_Records to use_
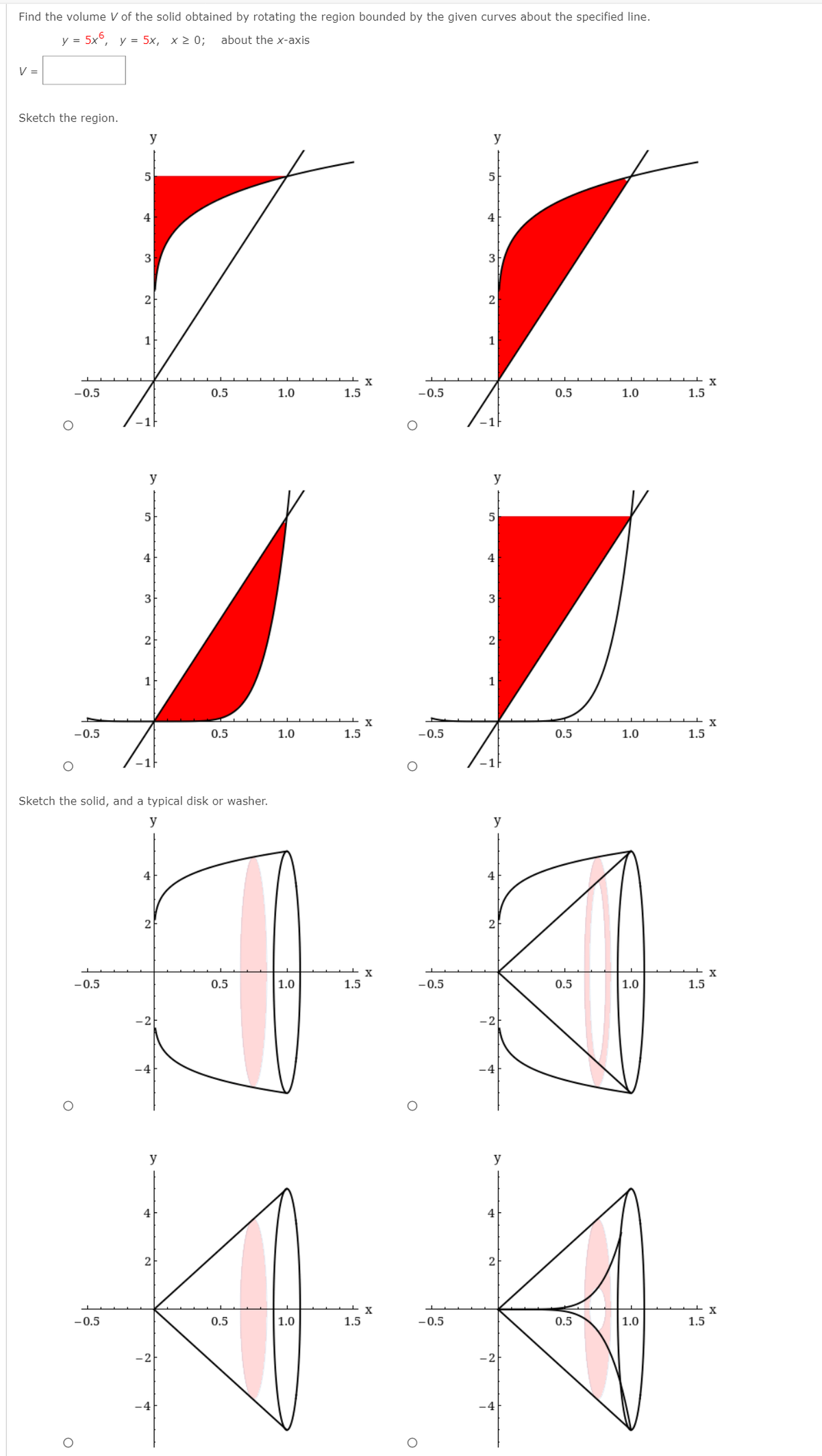 Find the volume V of the solid obtained by rotating the region bounded by the given curves about the specified line.
y = 5x°, y = 5x, x 2 0;
about the x-axis
V =
Sketch the region.
y
y
5
5
4
4
3
3
2-
1
1
-0.5
0.5
1.0
1.5
-0.5
0.5
1.0
1.5
-1F
y
y
5
4
4
3
2
1
X
-0.5
0.5
1.0
1.5
-0.5
0.5
1.0
1.5
Sketch the solid, and a typical disk or washer.
y
y
4
4
-0.5
0.5
1.0
1.5
-0.5
0.5
1.0
1.5
-2
y
y
4
4
2
2
-0.5
0.5
|1.0
1.5
-0.5
0.5
1.0
1.5
-2
-4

_Work required_
Read through the lines above and collect those that contain the string "Sketch".

_Solution for this task_
Sketch the region.
Sketch the solid, and a typical disk or washer.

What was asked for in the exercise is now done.